[Aim of the task] Skip the pictures. Give all the data again exactly.

[Data block]
--------------------------------

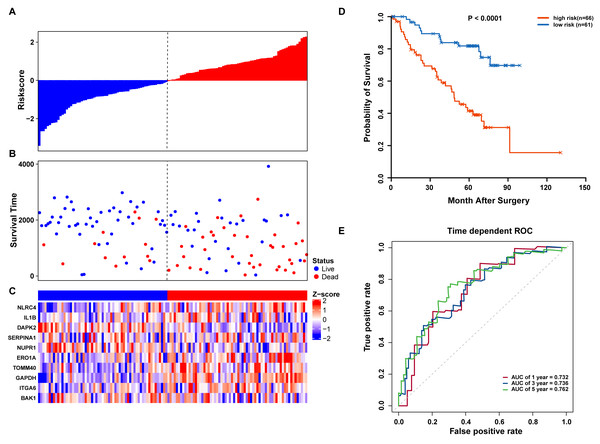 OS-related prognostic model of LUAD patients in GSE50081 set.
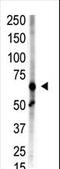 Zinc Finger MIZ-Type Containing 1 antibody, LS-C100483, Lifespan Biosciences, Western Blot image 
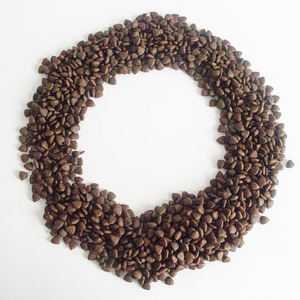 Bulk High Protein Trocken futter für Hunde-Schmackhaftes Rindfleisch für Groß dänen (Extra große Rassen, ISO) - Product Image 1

--------------------------------

[Written solution]
 OS-related prognostic model of LUAD patients in GSE50081 set.
 Zinc Finger MIZ-Type Containing 1 antibody, LS-C100483, Lifespan Biosciences, Western Blot image 
 Bulk High Protein Trocken futter für Hunde-Schmackhaftes Rindfleisch für Groß dänen (Extra große Rassen, ISO) - Product Image 1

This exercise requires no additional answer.